Le marché des terres rares dont la demande s’était effondrée repart à la hausse. C’est ce qui ressort d’une étude récente du cabinet Adamas intelligence, spécialiste des métaux critiques. Entre 2020 et 2025, la croissance de la demande mondiale des terres rares va s'accélérer d'une année sur l'autre, ce qui entraînera l'ouverture de nouvelles mines. C’est la principale conclusion de cette étude. Le marché des terres rares. De quoi s’agit-il ? De ces métaux peu connus, mais présents dans les technologies de pointe, comme les écrans plats, les batteries des voitures électriques, les smartphones ou les éoliennes. Parmi les terres rares les plus demandées, le Dysprosium ou encore le Neodyme. Depuis 2011, les prix ont chuté. En cause : l'effondrement de certains marchés, comme les ampoules basse consommation et les disques durs. Ils ont été remplacés par des technologies, comme les LED et le Cloud, moins gourmands en terres rares. Ces innovations ont entraîné une chute de la demande. Près de 20 000 tonnes de moins par an, sur les cinq dernières années. Une autre raison explique cette baisse des prix : la surproduction illégale abondante en Chine. Pékin assure, en effet, près de 90% de la production mondiale des terres rares. Viennent ensuite, très modestement, les Etats-Unis, l’Inde, la Russie et l’Australie.   Le marché des terres rares voit, donc, son horizon s’éclaircir au niveau mondial. Si l'on en croit cette étude du cabinet Adamas, ce marché va repartir, avec des perspectives très prometteuses à compter de 2020. Le développement des énergies renouvelables, avec les grosses éoliennes off-shore et la miniaturisation des moteurs électriques, va faire rebondir la demande des terres rares. A tel point que la Chine, principal fournisseur mondial, pourrait être amenée à importer certains métaux, comme le Neodyme.

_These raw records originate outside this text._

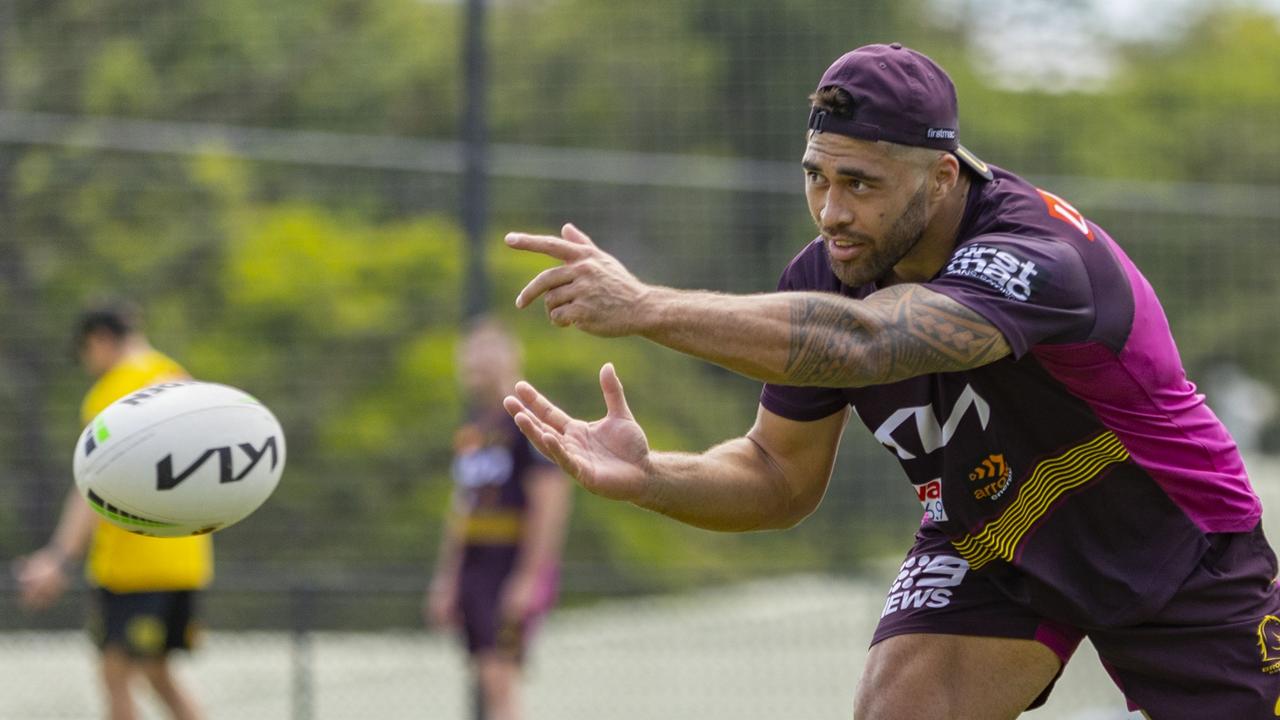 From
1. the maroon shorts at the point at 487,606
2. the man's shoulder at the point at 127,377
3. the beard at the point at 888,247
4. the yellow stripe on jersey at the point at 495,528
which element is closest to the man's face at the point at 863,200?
the beard at the point at 888,247

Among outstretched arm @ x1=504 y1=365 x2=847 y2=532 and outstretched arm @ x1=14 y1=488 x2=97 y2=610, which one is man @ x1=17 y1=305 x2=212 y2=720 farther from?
outstretched arm @ x1=504 y1=365 x2=847 y2=532

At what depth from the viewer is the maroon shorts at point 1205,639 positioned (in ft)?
12.5

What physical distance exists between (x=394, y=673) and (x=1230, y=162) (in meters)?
7.00

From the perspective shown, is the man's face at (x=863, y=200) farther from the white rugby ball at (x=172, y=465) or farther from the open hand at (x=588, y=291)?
the white rugby ball at (x=172, y=465)

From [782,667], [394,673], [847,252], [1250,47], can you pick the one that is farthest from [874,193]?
[1250,47]

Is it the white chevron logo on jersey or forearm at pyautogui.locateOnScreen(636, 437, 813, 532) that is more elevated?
the white chevron logo on jersey

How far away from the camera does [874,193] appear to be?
3.55 m

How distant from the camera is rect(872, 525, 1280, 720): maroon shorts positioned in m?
3.79

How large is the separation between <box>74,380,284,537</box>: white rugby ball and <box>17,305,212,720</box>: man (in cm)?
380

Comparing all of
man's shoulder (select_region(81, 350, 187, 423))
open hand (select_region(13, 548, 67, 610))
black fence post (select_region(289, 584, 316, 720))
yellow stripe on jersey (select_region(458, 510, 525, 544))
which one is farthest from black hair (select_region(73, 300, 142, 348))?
yellow stripe on jersey (select_region(458, 510, 525, 544))

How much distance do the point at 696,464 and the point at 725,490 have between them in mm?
101

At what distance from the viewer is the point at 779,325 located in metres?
3.21

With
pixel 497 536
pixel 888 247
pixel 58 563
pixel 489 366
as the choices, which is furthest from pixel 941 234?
pixel 58 563

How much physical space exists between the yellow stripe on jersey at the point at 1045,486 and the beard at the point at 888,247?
0.59 metres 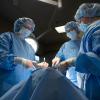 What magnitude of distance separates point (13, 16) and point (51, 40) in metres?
1.35

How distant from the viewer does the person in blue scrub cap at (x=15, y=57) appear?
279cm

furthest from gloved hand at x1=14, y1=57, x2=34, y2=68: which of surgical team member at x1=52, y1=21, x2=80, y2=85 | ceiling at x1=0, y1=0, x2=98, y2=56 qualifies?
ceiling at x1=0, y1=0, x2=98, y2=56

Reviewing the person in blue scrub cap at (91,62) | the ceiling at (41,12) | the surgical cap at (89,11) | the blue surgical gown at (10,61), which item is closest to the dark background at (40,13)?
the ceiling at (41,12)

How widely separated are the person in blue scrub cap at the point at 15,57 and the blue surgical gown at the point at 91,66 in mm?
611

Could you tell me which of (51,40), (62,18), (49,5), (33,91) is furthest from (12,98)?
(51,40)

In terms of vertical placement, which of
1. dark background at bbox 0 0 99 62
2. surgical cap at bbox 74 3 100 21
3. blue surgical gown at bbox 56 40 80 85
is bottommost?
blue surgical gown at bbox 56 40 80 85

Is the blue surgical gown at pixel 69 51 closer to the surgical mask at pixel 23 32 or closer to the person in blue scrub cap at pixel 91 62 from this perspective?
the surgical mask at pixel 23 32

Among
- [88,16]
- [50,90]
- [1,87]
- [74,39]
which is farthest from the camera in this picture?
[74,39]

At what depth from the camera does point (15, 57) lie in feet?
9.21

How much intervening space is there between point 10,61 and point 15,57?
61mm

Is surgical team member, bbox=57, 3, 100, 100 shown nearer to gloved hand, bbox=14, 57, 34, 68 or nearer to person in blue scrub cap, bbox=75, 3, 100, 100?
person in blue scrub cap, bbox=75, 3, 100, 100

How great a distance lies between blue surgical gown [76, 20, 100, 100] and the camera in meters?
2.02

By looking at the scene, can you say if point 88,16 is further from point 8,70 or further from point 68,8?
point 68,8

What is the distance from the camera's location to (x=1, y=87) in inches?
111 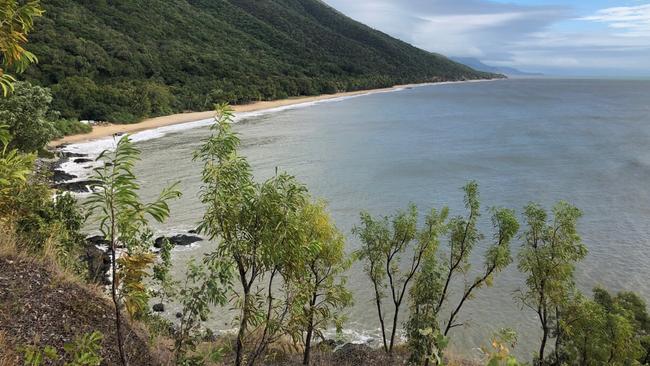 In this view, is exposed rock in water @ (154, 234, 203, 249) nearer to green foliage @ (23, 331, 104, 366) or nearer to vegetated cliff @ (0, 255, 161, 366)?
vegetated cliff @ (0, 255, 161, 366)

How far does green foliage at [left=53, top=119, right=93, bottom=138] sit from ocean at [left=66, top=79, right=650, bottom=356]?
7664 mm

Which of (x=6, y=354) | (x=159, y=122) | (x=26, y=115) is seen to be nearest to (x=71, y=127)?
(x=159, y=122)

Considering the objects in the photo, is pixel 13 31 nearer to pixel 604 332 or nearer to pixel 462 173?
pixel 604 332

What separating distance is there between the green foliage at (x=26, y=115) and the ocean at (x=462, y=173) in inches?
388

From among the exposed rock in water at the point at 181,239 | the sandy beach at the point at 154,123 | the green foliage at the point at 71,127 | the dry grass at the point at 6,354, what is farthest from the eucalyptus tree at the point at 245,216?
the green foliage at the point at 71,127

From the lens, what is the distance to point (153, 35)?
135625 millimetres

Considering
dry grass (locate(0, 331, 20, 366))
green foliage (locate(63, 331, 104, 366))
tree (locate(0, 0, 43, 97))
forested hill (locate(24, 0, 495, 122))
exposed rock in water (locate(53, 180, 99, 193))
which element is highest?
forested hill (locate(24, 0, 495, 122))

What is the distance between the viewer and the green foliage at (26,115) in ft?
131

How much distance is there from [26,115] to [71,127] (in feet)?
112

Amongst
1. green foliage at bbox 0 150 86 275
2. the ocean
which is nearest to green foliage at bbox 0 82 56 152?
the ocean

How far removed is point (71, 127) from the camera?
7169 centimetres

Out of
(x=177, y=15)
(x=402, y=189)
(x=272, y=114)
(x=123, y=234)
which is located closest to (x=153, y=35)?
(x=177, y=15)

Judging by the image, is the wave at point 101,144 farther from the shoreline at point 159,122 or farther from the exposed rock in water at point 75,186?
the shoreline at point 159,122

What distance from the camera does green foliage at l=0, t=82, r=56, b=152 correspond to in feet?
131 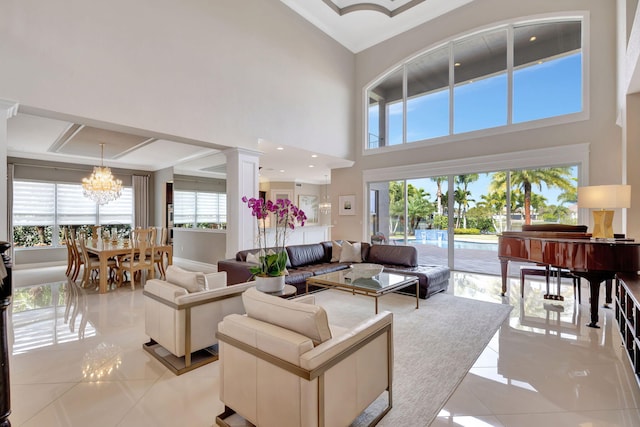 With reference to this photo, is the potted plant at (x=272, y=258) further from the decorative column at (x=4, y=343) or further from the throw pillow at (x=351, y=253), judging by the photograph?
the throw pillow at (x=351, y=253)

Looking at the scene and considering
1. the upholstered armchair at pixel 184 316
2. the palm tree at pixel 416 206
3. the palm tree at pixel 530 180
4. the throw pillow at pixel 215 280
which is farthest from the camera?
the palm tree at pixel 416 206

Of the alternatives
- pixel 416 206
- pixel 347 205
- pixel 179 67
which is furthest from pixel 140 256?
pixel 416 206

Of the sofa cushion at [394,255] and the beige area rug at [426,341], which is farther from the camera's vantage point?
the sofa cushion at [394,255]

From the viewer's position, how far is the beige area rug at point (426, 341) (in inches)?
80.1

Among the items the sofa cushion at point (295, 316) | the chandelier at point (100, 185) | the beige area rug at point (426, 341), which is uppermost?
the chandelier at point (100, 185)

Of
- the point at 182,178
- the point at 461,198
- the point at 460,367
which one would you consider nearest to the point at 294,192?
the point at 182,178

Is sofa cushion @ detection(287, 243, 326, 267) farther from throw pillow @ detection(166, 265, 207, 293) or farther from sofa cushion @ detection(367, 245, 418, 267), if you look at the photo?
throw pillow @ detection(166, 265, 207, 293)

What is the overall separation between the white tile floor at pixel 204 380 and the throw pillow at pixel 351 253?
9.03 ft

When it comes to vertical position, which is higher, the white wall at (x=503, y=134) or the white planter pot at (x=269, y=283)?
the white wall at (x=503, y=134)

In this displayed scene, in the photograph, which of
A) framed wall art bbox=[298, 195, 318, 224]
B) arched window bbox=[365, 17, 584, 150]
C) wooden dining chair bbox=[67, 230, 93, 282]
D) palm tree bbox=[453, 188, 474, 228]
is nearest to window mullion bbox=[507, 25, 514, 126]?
arched window bbox=[365, 17, 584, 150]

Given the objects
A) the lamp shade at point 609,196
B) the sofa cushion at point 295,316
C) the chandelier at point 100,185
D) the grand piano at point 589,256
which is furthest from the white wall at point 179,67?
the lamp shade at point 609,196

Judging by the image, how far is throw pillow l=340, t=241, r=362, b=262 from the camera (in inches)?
229

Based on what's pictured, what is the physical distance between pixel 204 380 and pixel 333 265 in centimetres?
327

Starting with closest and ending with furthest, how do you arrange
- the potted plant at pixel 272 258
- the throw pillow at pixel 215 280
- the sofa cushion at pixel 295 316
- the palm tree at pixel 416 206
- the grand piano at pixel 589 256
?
the sofa cushion at pixel 295 316 → the potted plant at pixel 272 258 → the grand piano at pixel 589 256 → the throw pillow at pixel 215 280 → the palm tree at pixel 416 206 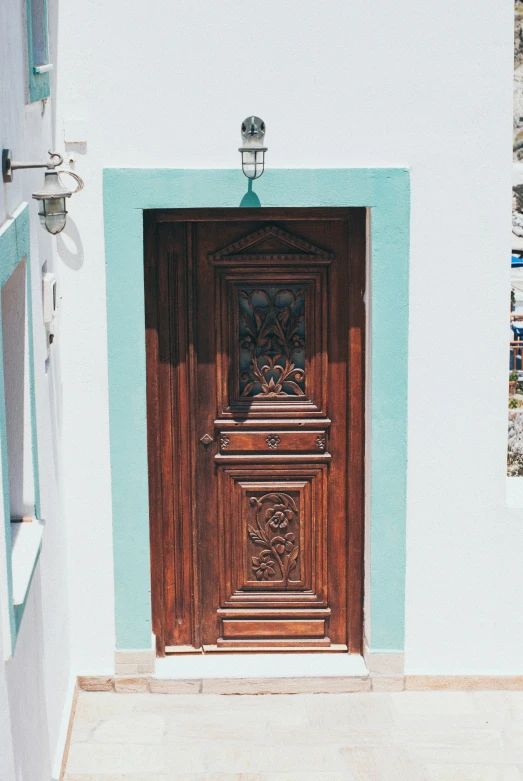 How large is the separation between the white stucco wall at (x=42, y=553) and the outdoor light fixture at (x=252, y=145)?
0.95 meters

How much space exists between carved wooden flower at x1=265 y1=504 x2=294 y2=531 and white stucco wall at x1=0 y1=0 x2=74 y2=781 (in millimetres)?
1124

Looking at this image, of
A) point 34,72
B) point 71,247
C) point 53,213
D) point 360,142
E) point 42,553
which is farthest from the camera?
point 71,247

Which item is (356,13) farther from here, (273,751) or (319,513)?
(273,751)

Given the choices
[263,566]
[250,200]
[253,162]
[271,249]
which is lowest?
[263,566]

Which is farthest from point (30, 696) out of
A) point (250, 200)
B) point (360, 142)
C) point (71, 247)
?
point (360, 142)

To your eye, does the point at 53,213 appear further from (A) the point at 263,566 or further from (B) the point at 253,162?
(A) the point at 263,566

Alena: les échanges de matières premières menacés par Trump  

En demandant la renégociation de l'Accord de libre-échange nord-américain, Donald Trump menace d'abondants échanges de matières premières entre le Canada, les Etats-Unis et le Mexique : pétrole, bois, céréales ou avocats. Trump va-t-il imposer des barrières aux échanges colossaux de matières premières à travers l'Amérique du Nord ? C'est en tout cas la menace que le nouveau président des Etats-Unis fait peser sur des secteurs entiers de l'agriculture ou des hydrocarbures, au Canada, aux Etats-Unis et au Mexique. Le traité de libre-échange nord-américain n'a pas seulement encouragé les ventes de voitures mexicaines aux Etats-Unis. Il a ôté les barrières douanières et tarifaires à d'énormes flux de produits de base. Le Canada est ainsi le premier fournisseur d'acier des Etats-Unis, le Mexique le quatrième, les Etats-Unis absorbent plus de la moitié des exportations d'acier des deux voisins. Le Canada expédie pour 70 milliards de dollars de pétrole et dérivés aux Etats-Unis, qui eux-mêmes fournissent au Mexique de plus en plus de gaz et d'essence. Le fait que Trump demande la renégociation de l'Alena pourrait aussi contrarier la participation des majors américaines au développement des champs pétroliers mexicains. Le flux des denrées alimentaires va-t-il aussi ralentir ? Le Canada est le premier fournisseur agricole des Américains (22 milliards de dollars en 2015), il expédie beaucoup d'huiles végétales aux Etats-Unis, mais surtout de la viande rouge ainsi que des animaux vivants qui finissent leur engraissement dans les « feed lots » américains. Le bois canadien passe aussi abondamment la frontière américaine. Le Canada protège encore son secteur laitier mais il reçoit des Etats-Unis des fruits et légumes, des jus de fruit et beaucoup de plats cuisinés. Les matières premières agricoles des Etats-Unis vont plutôt vers le Mexique : le maïs et le soja américains, mais aussi les produits laitiers, le porc et le bœuf des Etats-Unis. Le Mexique est ainsi le troisième débouché de l'agriculture américaine (18 milliards de dollars). Mais le géant latino d'Amérique du Nord est aussi devenu le deuxième fournisseur agricole des Etats-Unis (21 milliards de dollars), et pas seulement de vin ou de bière Corona. 80% des avocats dont raffolent de plus en plus les Américains proviennent du Mexique, et les producteurs mexicains sont aujourd'hui inquiets.